* REQUIRED ACTION *
Please repeat every record below exactly as written, but leave out the pictures.

* PROVIDED INFORMATION *
☆ ☆ ☆

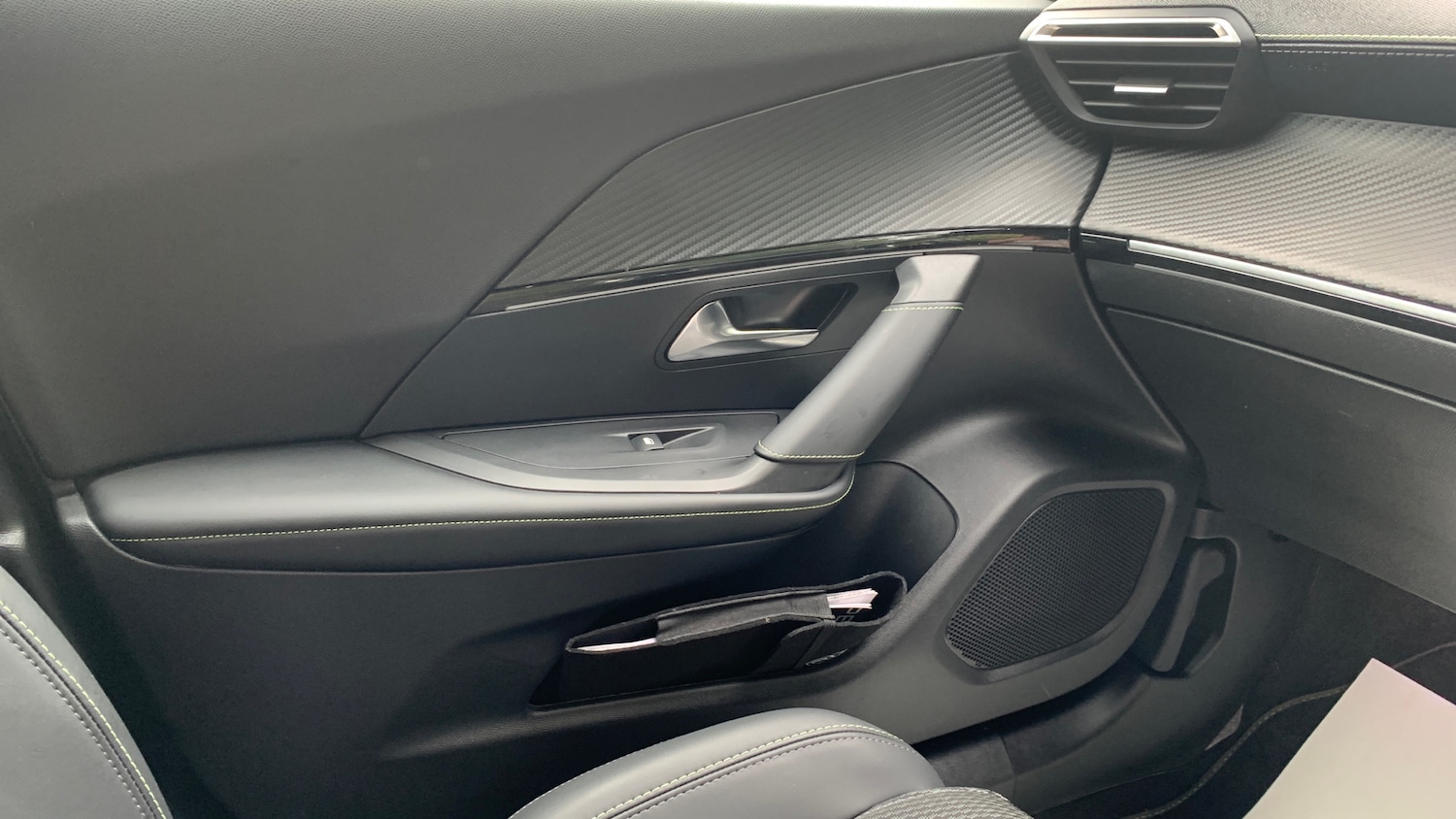 Used Peugeot 2008 2024 for sale - 76117325: Photo 31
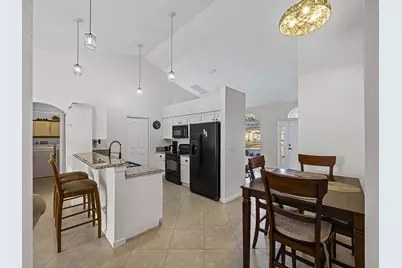 982 SW Worcester Lane, Port Saint Lucie, FL 34953 - Photo 8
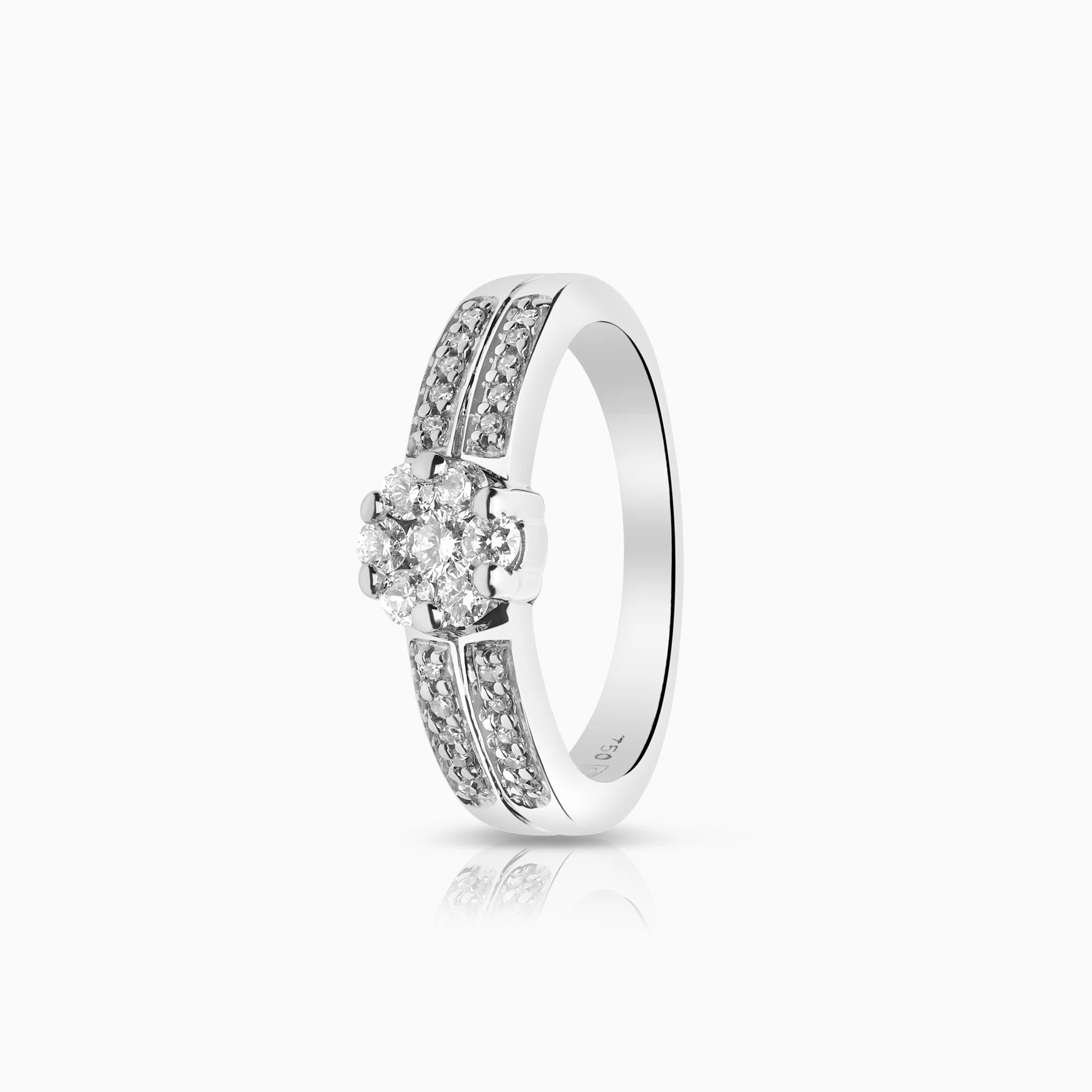 Side-stone ring 0.25ct 18K white gold
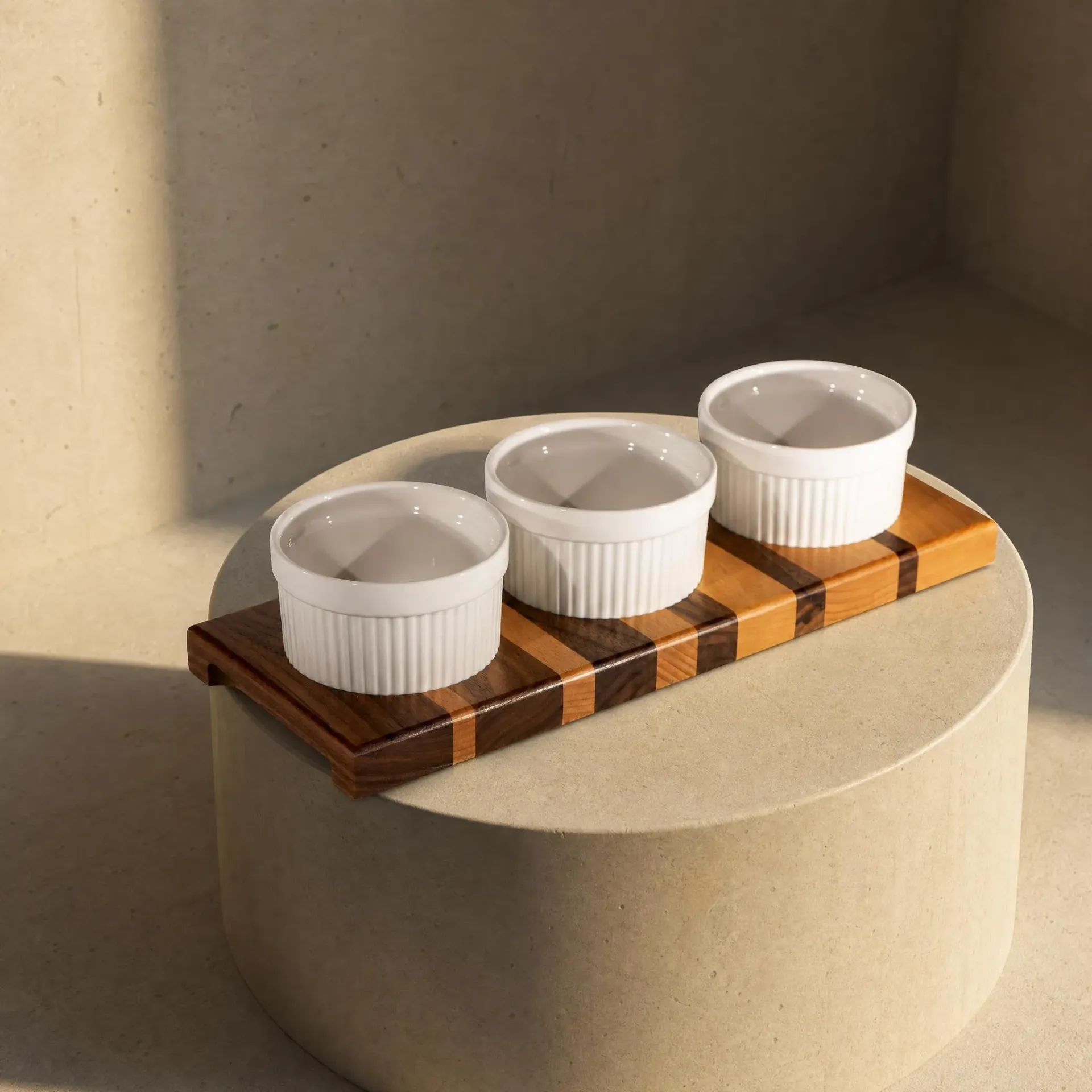 [TRA024] Snack and Dip Tray 3-4oz.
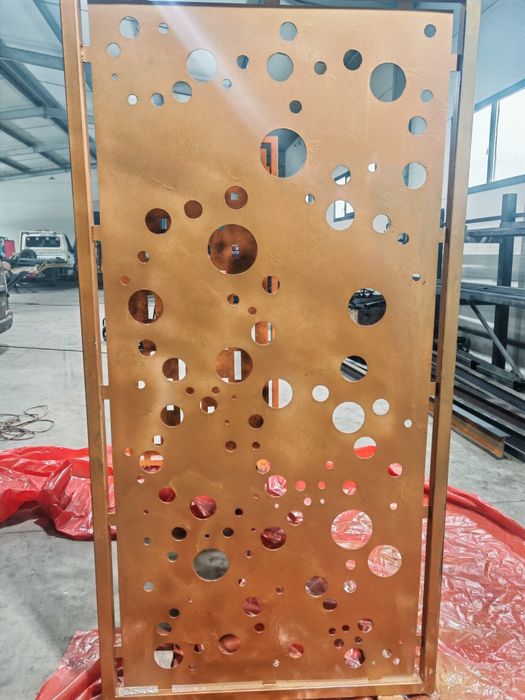 Garduri, porți, debitare plasma cnc.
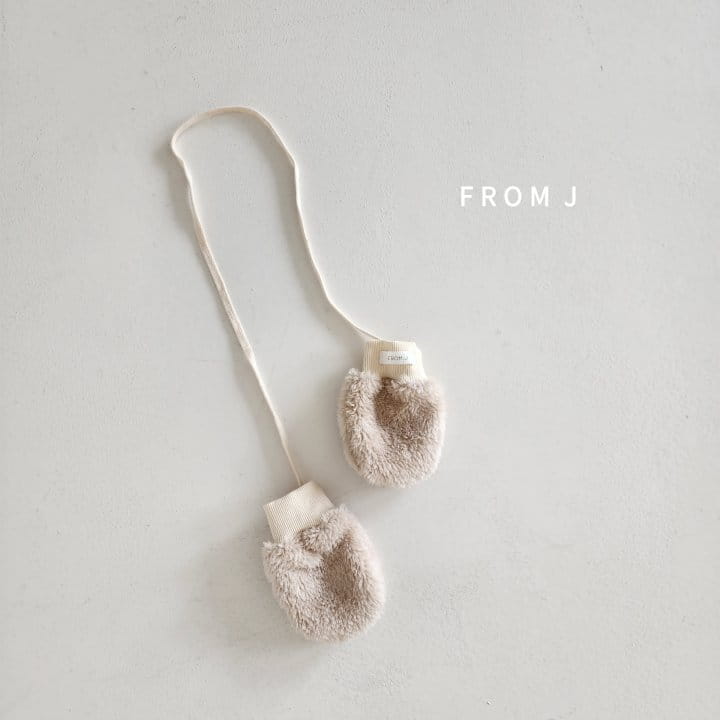 From J - Korean Baby Fashion - #babyfashion - Fluffy Gloves - 4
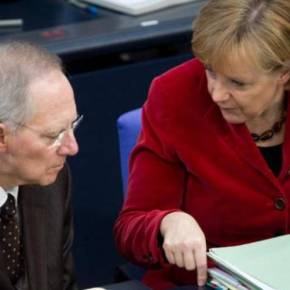 Η ΣΥΓΚΡΟΥΣΗ ΤΩΝ ΔΥΟ ΙΣΧΥΡΩΝ ΤΟΥ ΒΕΡΟΛΙΝΟΥ ΚΑΙ ΤΑ ΚΕΡΔΗ ΓΙΑ ΤΗΝ ΚΥΒΕΡΝΗΣΗ Μέρκελ-Σόιμπλε: Ο γερμανικός εμφύλιος που προκάλεσε η Ελλάδα – Όλο το&nbsp;παρασκήνιο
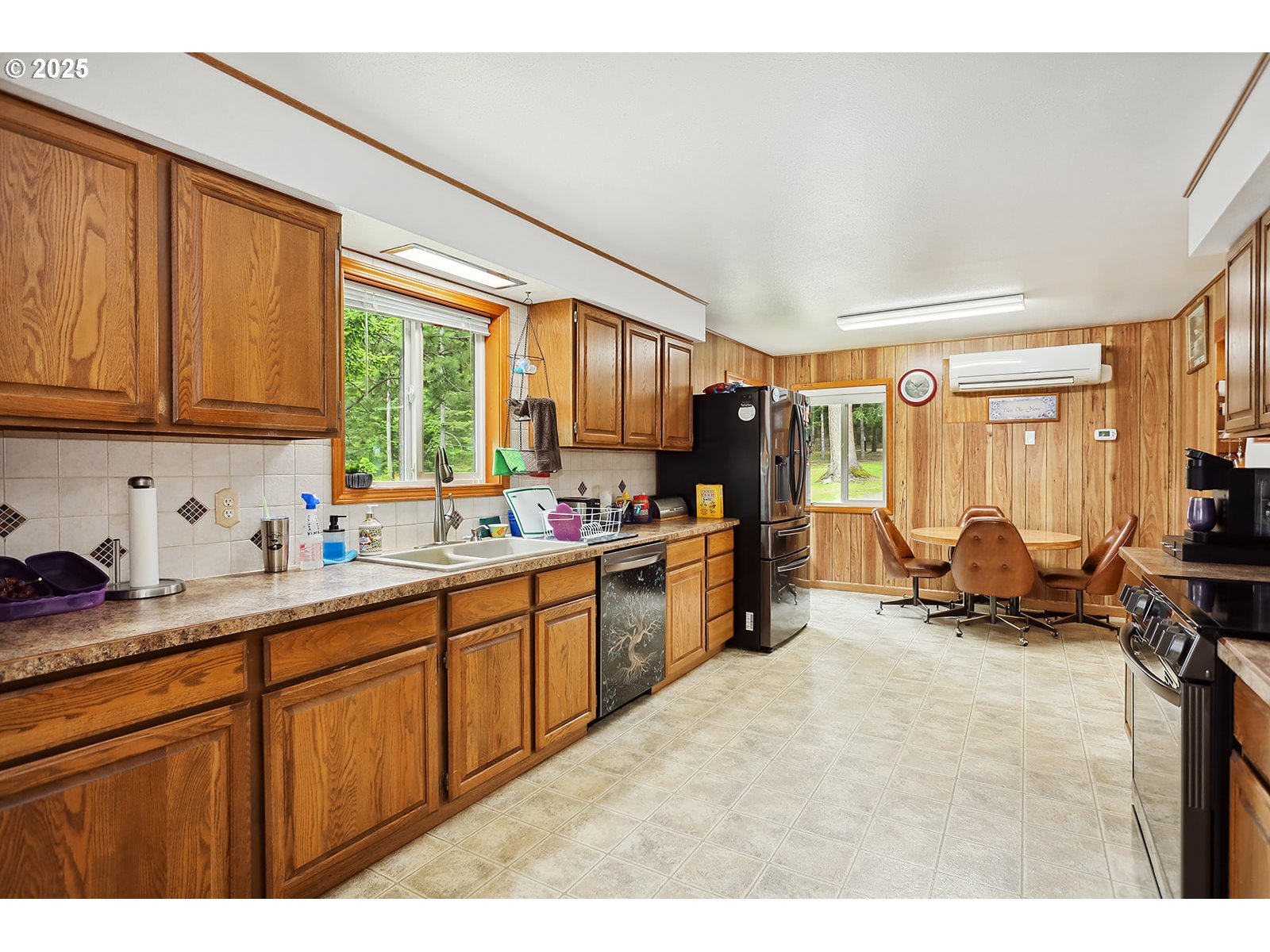 1935 Huskey Road Mosier, OR 97040 - Photo 14 of 47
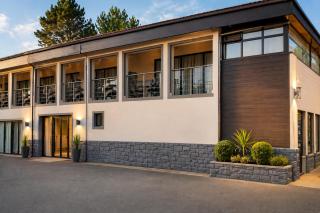Europrime Hotels Lakefield - 8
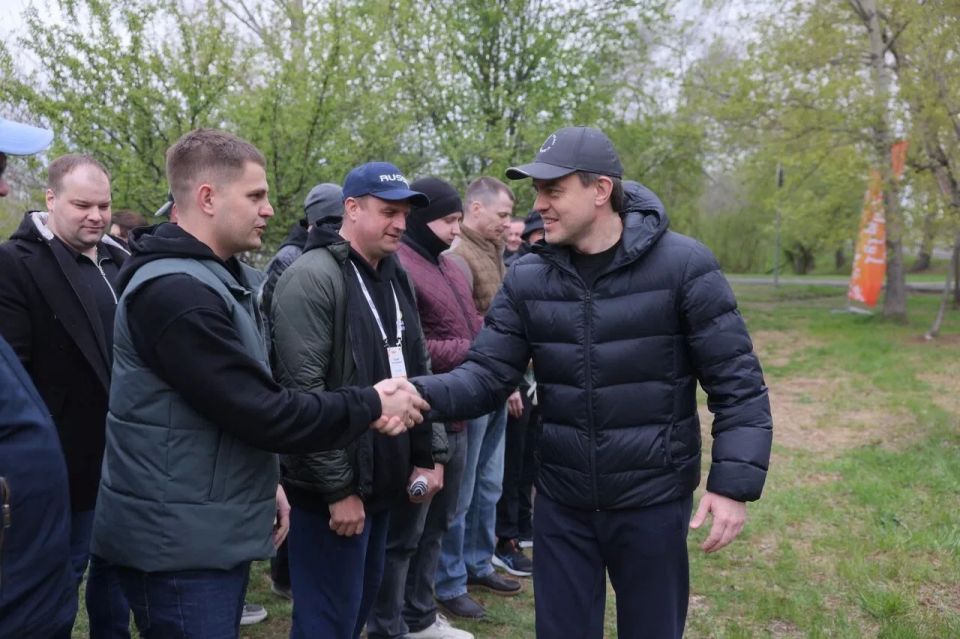 Михаил Котюков: Высадили яблони на Аллее памяти в Татышев-парке вместе с участниками программы «Сибирский характер» Михаил Котюков: Высадили яблони на Аллее памяти в Татышев-парке вместе с участниками программы «Сибирский характер»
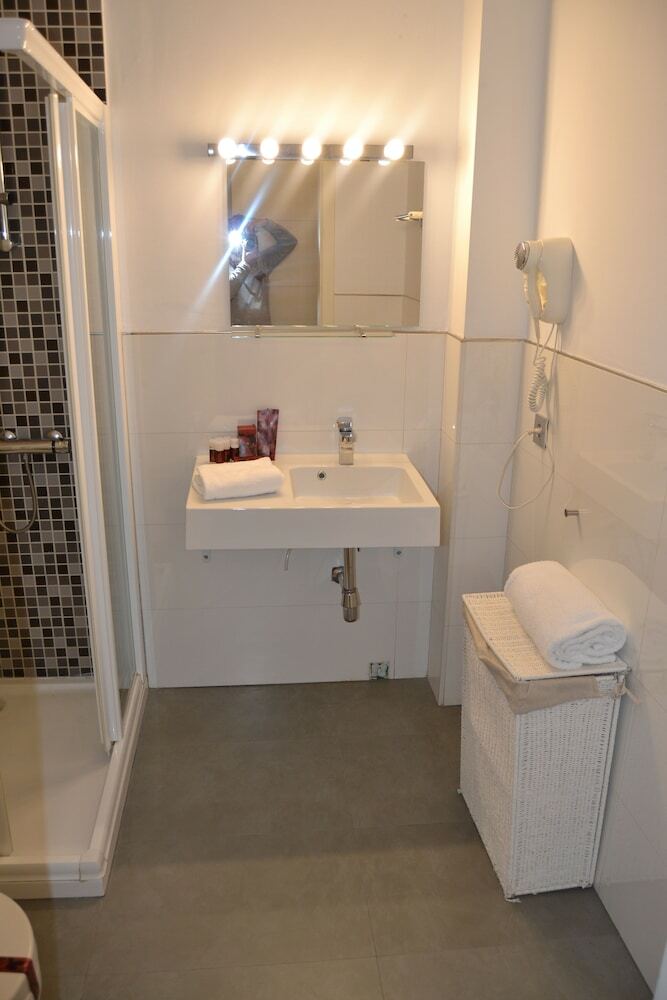 Apartamentos Azz Sevilla Torre De La Plata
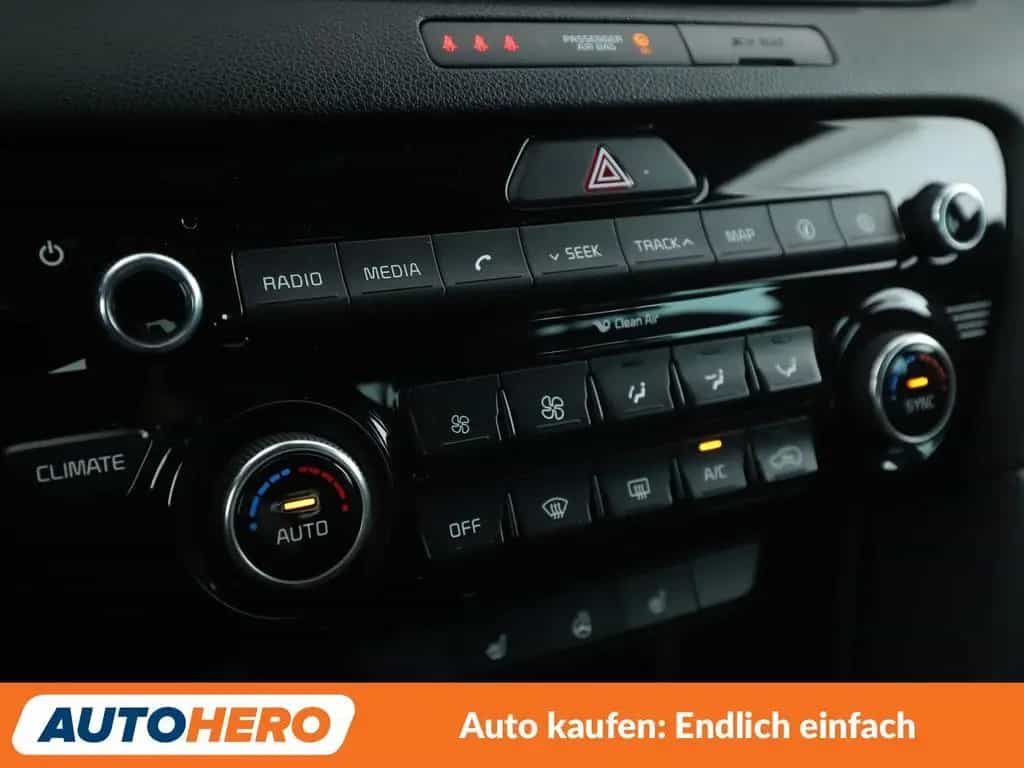 Kia Sportage 1.6 TGDI GT Line 4WD Aut.*NAVI*BiXENON* 05/2017-photo-21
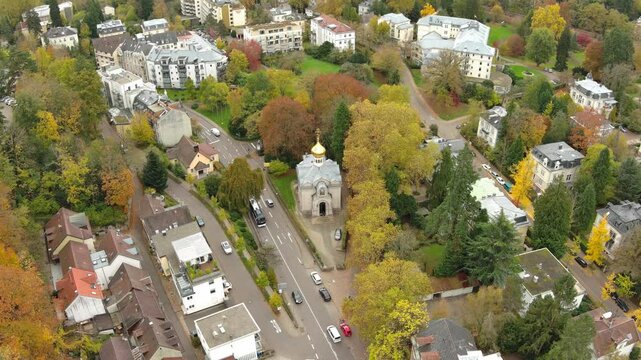 Atemberaubende 4K-Drohnenaufnahmen der orthodoxen Kirche in Baden-Baden, umgeben von der malerischen Stadt. Die beeindruckende Architektur und die ruhige Atmosph&auml;re der Kurstadt vereint in einem Clip.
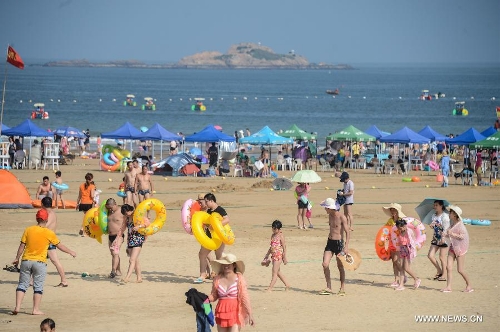 Tourists enjoy themselves on Zhoushan Islands - Global Times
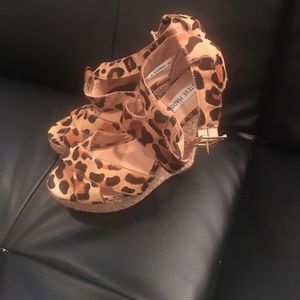 Steven Madden Wedges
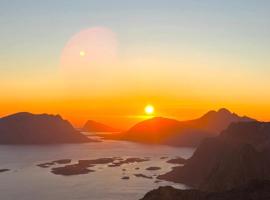 House by the sea, Ballstad Lofoten, Hotel in Ballstad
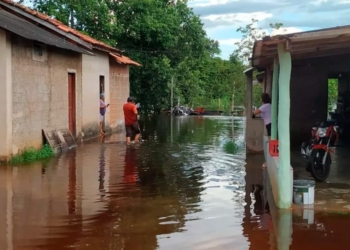 Quais Os Riscos Para A Saude Ao Andar Em Enchentes Gazeta Mercantil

☆ ☆ ☆

* WRITTEN SOLUTION *
 Used Peugeot 2008 2024 for sale - 76117325: Photo 31
 982 SW Worcester Lane, Port Saint Lucie, FL 34953 - Photo 8
 Side-stone ring 0.25ct 18K white gold
 [TRA024] Snack and Dip Tray 3-4oz.
 Garduri, porți, debitare plasma cnc.
 From J - Korean Baby Fashion - #babyfashion - Fluffy Gloves - 4
 Η ΣΥΓΚΡΟΥΣΗ ΤΩΝ ΔΥΟ ΙΣΧΥΡΩΝ ΤΟΥ ΒΕΡΟΛΙΝΟΥ ΚΑΙ ΤΑ ΚΕΡΔΗ ΓΙΑ ΤΗΝ ΚΥΒΕΡΝΗΣΗ Μέρκελ-Σόιμπλε: Ο γερμανικός εμφύλιος που προκάλεσε η Ελλάδα – Όλο το&nbsp;παρασκήνιο
 1935 Huskey Road Mosier, OR 97040 - Photo 14 of 47
Europrime Hotels Lakefield - 8
 Михаил Котюков: Высадили яблони на Аллее памяти в Татышев-парке вместе с участниками программы «Сибирский характер» Михаил Котюков: Высадили яблони на Аллее памяти в Татышев-парке вместе с участниками программы «Сибирский характер»
 Apartamentos Azz Sevilla Torre De La Plata
 Kia Sportage 1.6 TGDI GT Line 4WD Aut.*NAVI*BiXENON* 05/2017-photo-21
 Atemberaubende 4K-Drohnenaufnahmen der orthodoxen Kirche in Baden-Baden, umgeben von der malerischen Stadt. Die beeindruckende Architektur und die ruhige Atmosph&auml;re der Kurstadt vereint in einem Clip.
 Tourists enjoy themselves on Zhoushan Islands - Global Times
 Steven Madden Wedges
 House by the sea, Ballstad Lofoten, Hotel in Ballstad
 Quais Os Riscos Para A Saude Ao Andar Em Enchentes Gazeta Mercantil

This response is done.